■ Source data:
%%

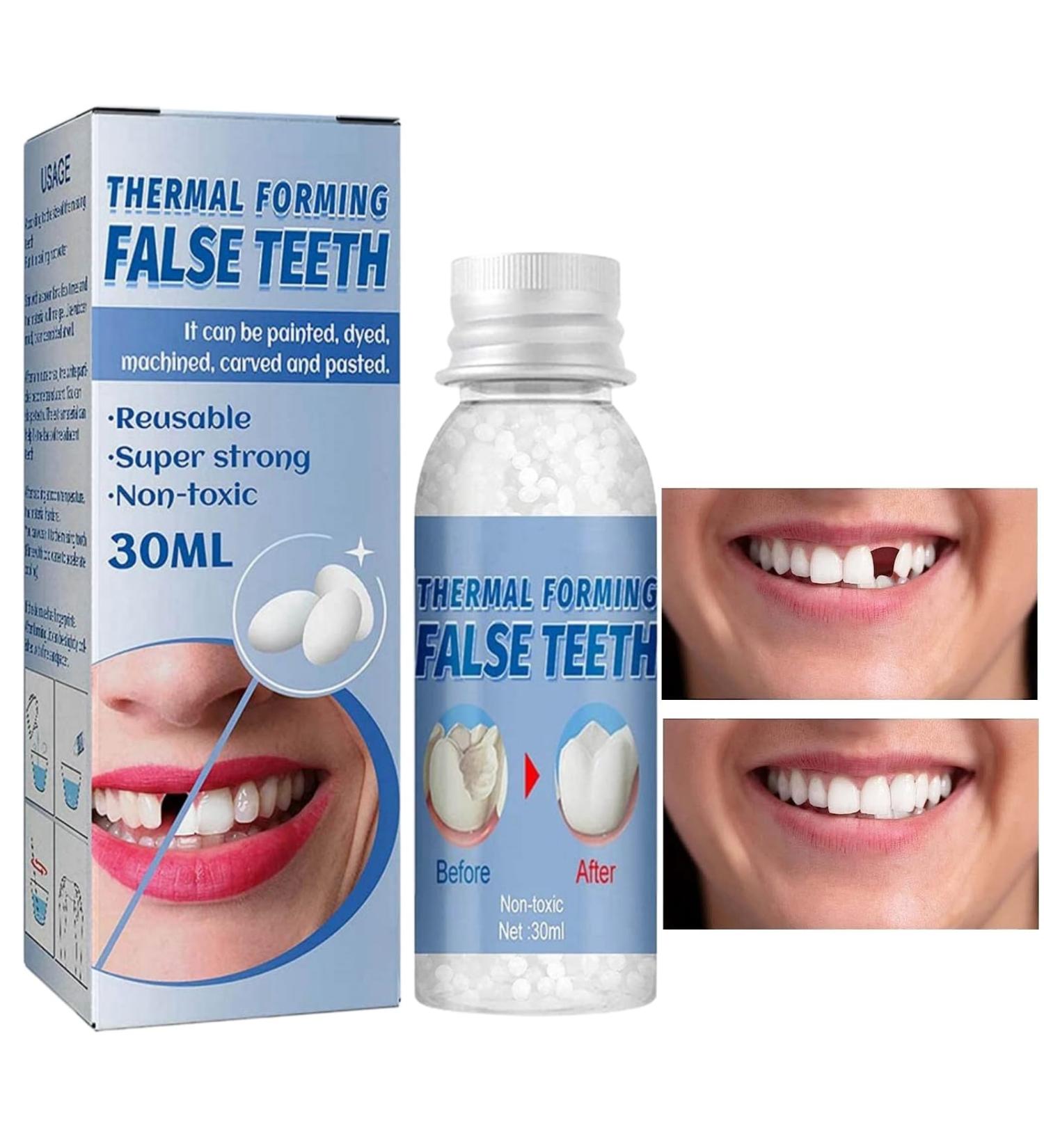 Tooth Filling Repair Kit for Temporary and Broken Teeth - Dental Repair Beads for Dentures and False Teeth - Buy Online on GoSupps.com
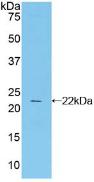 Polyclonal Antibody to Cytotoxic T-Lymphocyte Associated Antigen 4 (CTLA4)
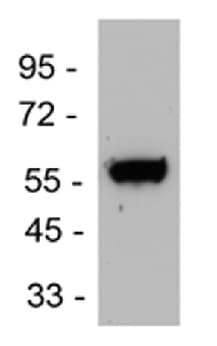 Anti-Endothelin B Receptor/ET-B antibody(AB117529)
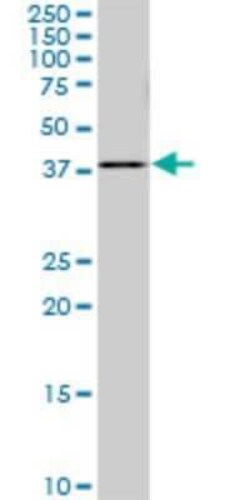 PDCD2L Antibody (5F9), Novus Biologicals 0.1 mg | Buy Online | Novus Biologicals | Fisher Scientific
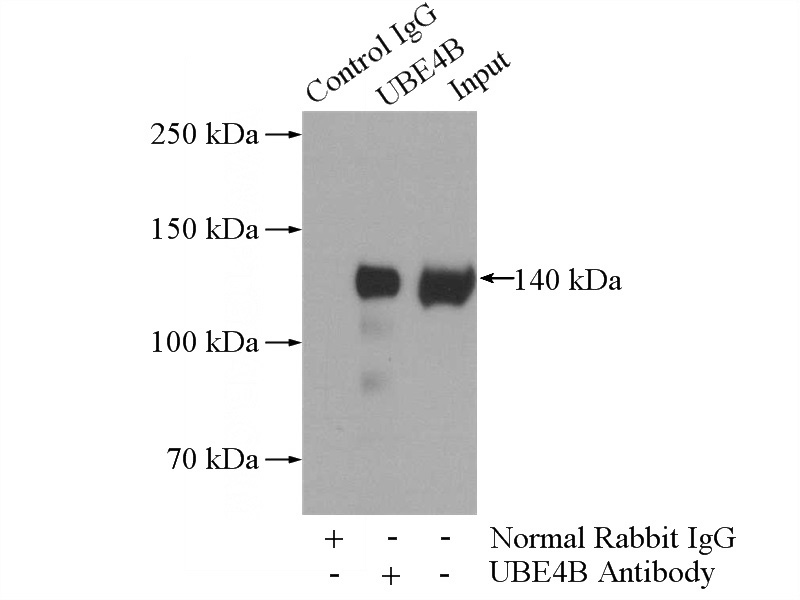 IP Result of anti-UBE4B (IP:Catalog No:116544, 4ug; Detection:Catalog No:116544 1:2000) with HeLa cells lysate 1200ug.
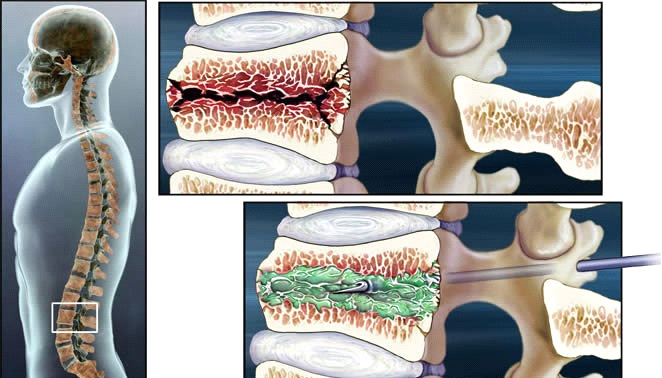 tratament minim invaziv al coloanei vertebrale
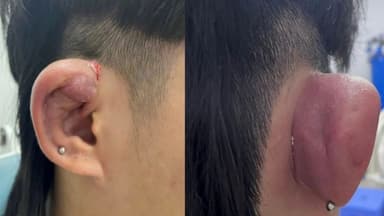 Áp xe tai là gì? Các vị trí áp dễ bị và vì sao cần điều trị sớm?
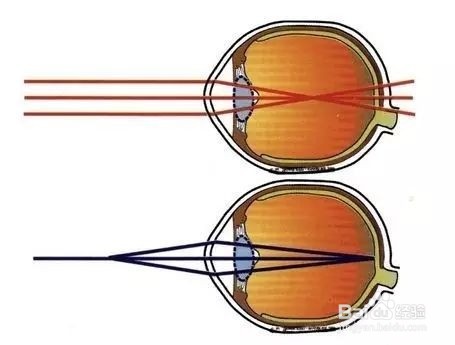 弱视家长最关心的问题(一)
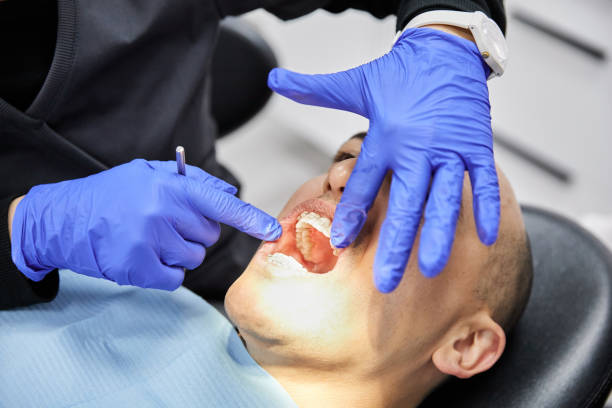 Best Emergency Tooth Extraction in Elba, AL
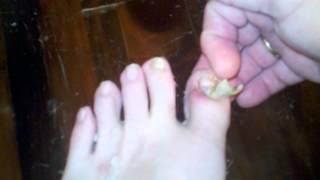 Gross & painful Weak stomach don't watch.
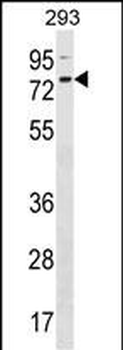 ZNF416 Antibody (C-term)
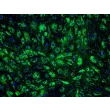 Human Endometrial Microvascular Endothelial Cells (HEMEC)-Immunostaining for vWF, 200x.
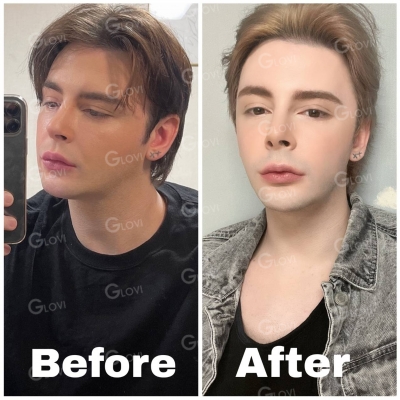 Glovi Plastic Surgery, Reviews, Images, Promotions, Dr. Rho Bongil, Dr. Nam Sangjae, Dr. Park Jongchul — Korea cost, reviews & before-after | MISOODA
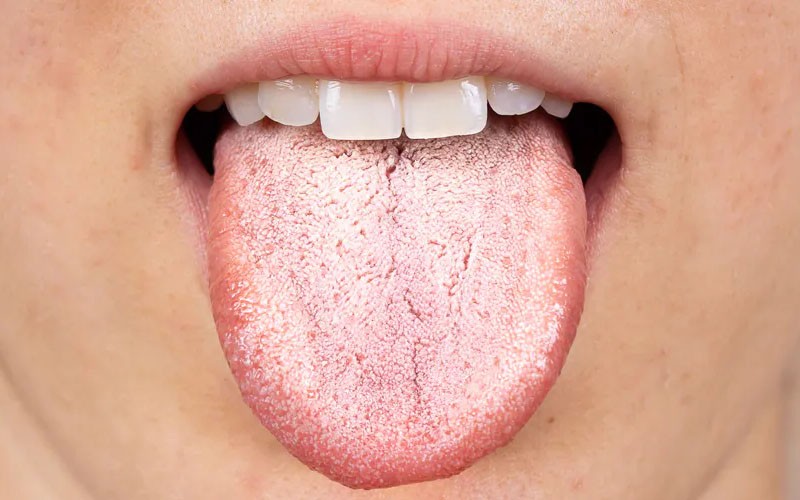 Khoang miệng khô, nứt nẻ là biểu hiện của nấm lưỡi hiv 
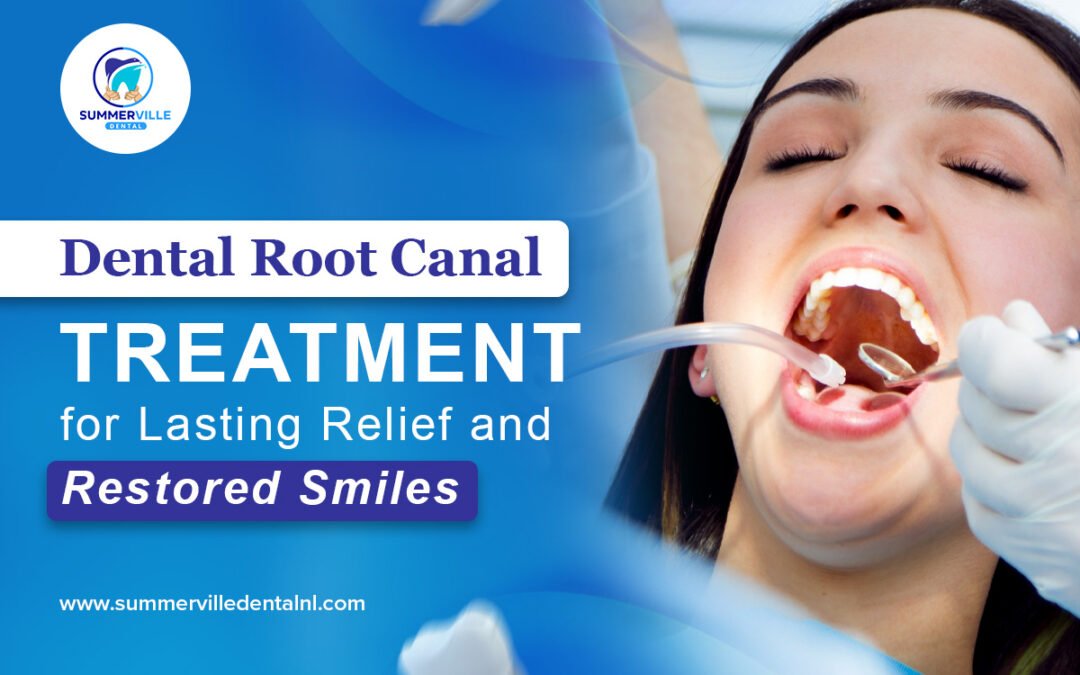 Dental root canal treatment for lasting relief and restored smiles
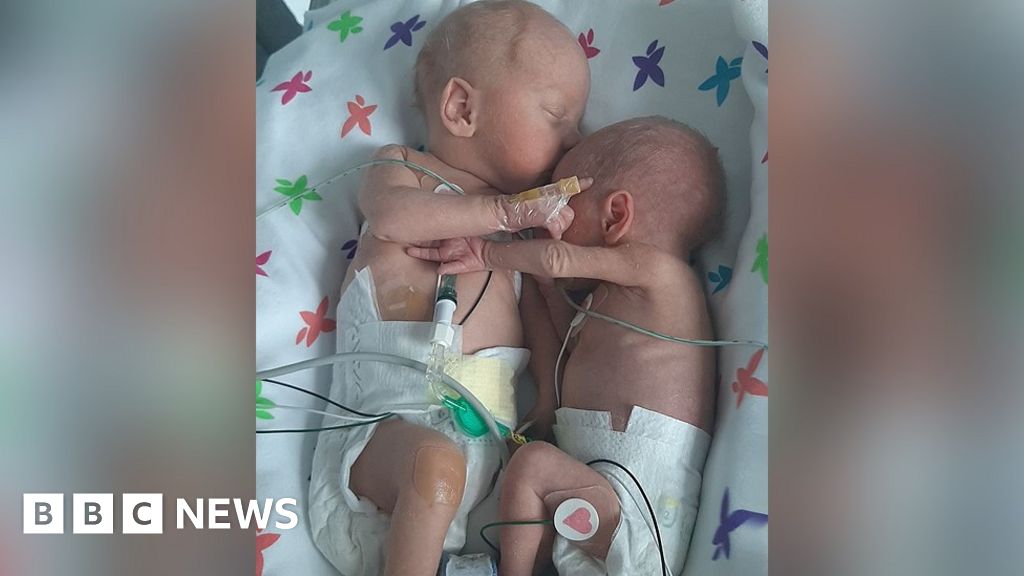 Liverpool twins separated at birth 'cuddle and hold hands' - BBC News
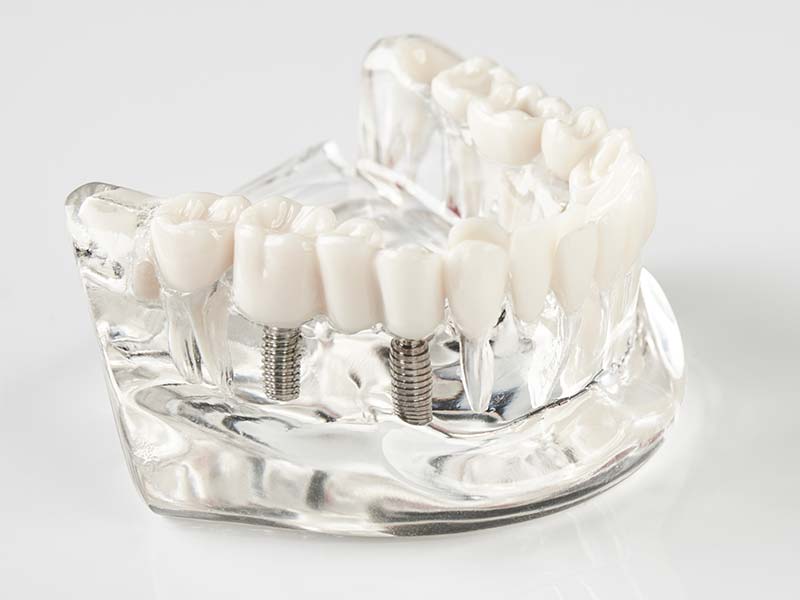 植牙後多久可以裝假牙？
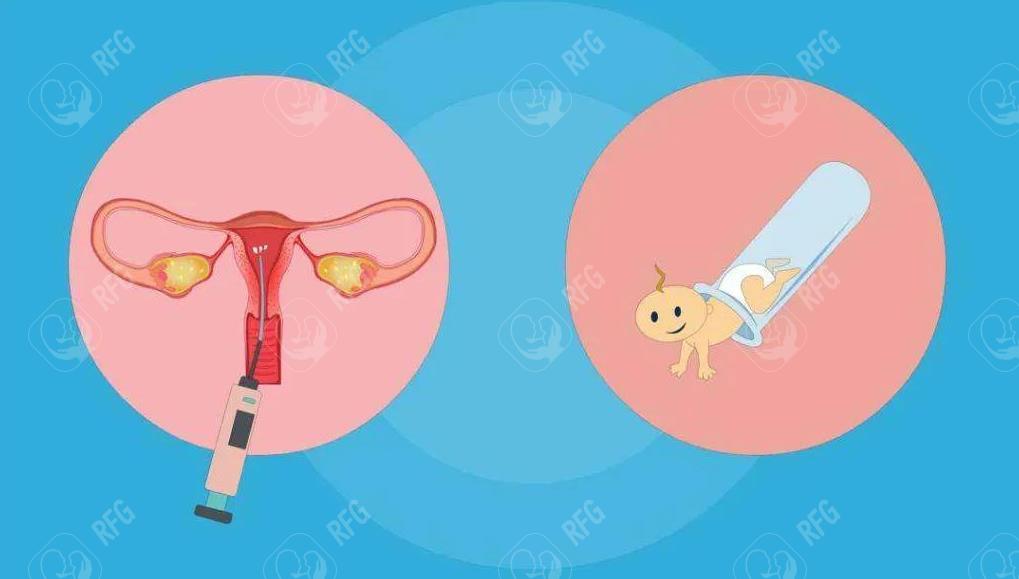 炎症控制后多久可以开始试管婴儿治疗？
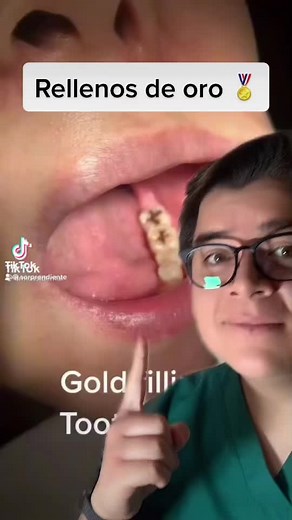 Gold Dental Fillings: Close-Up Look at Unique Treatment
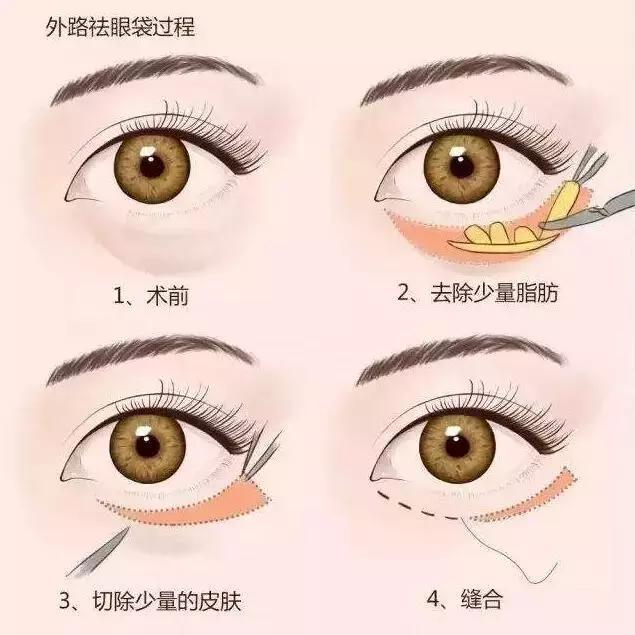 眼袋怎么消除简单方法男生,黑眼袋怎么消除最快方法男士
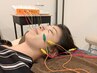【お肌ハリつやアップ♪】電気美容鍼 通常8,800円→4,980円 潤うお肌へ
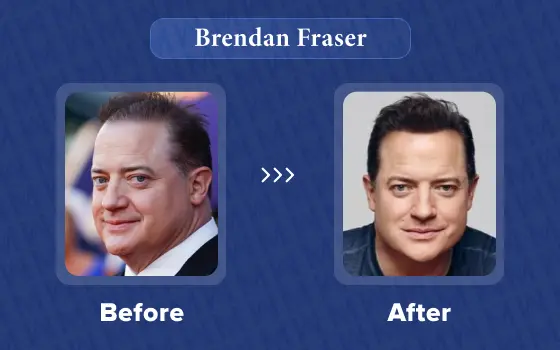brendan fraser hair transplant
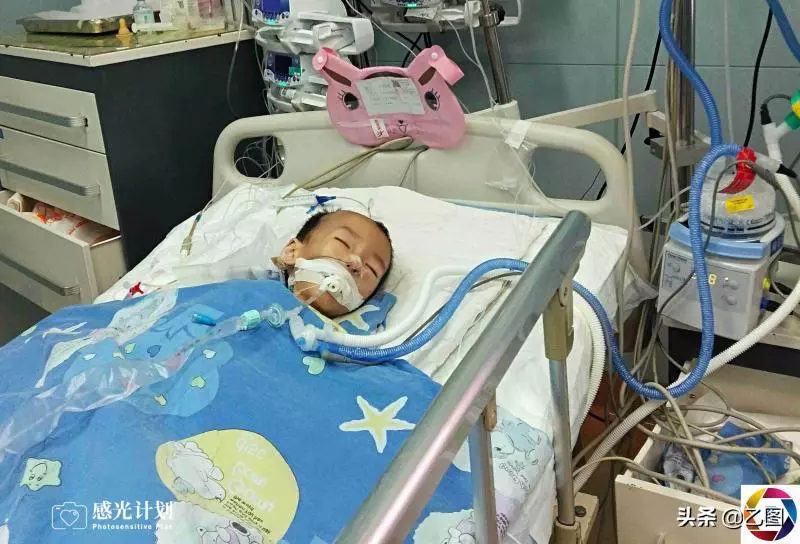 3歲男童術後渾身插滿管子,體重僅剩15.6斤,看見爸媽就流淚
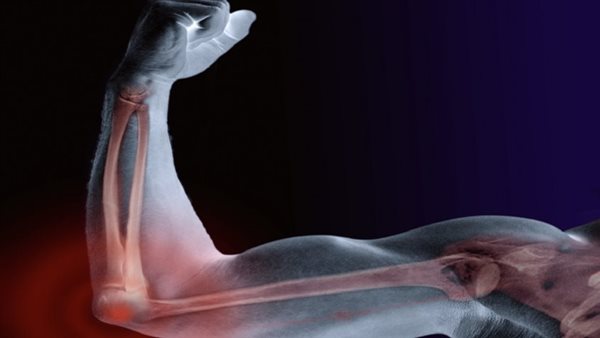  6 أطعمة تقوّي العظام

%%

■ INSTRUCTIONS TO FOLLOW: Return only the lines from the one containing "弱视家长最关心的问题(一)" through the last line of the entries above, exactly as written and without pictures.

■ RESULT OF THE EXERCISE:
 弱视家长最关心的问题(一)
 Best Emergency Tooth Extraction in Elba, AL
 Gross & painful Weak stomach don't watch.
 ZNF416 Antibody (C-term)
 Human Endometrial Microvascular Endothelial Cells (HEMEC)-Immunostaining for vWF, 200x.
 Glovi Plastic Surgery, Reviews, Images, Promotions, Dr. Rho Bongil, Dr. Nam Sangjae, Dr. Park Jongchul — Korea cost, reviews & before-after | MISOODA
 Khoang miệng khô, nứt nẻ là biểu hiện của nấm lưỡi hiv 
 Dental root canal treatment for lasting relief and restored smiles
 Liverpool twins separated at birth 'cuddle and hold hands' - BBC News
 植牙後多久可以裝假牙？
 炎症控制后多久可以开始试管婴儿治疗？
 Gold Dental Fillings: Close-Up Look at Unique Treatment
 眼袋怎么消除简单方法男生,黑眼袋怎么消除最快方法男士
【お肌ハリつやアップ♪】電気美容鍼 通常8,800円→4,980円 潤うお肌へ
brendan fraser hair transplant
 3歲男童術後渾身插滿管子,體重僅剩15.6斤,看見爸媽就流淚
  6 أطعمة تقوّي العظام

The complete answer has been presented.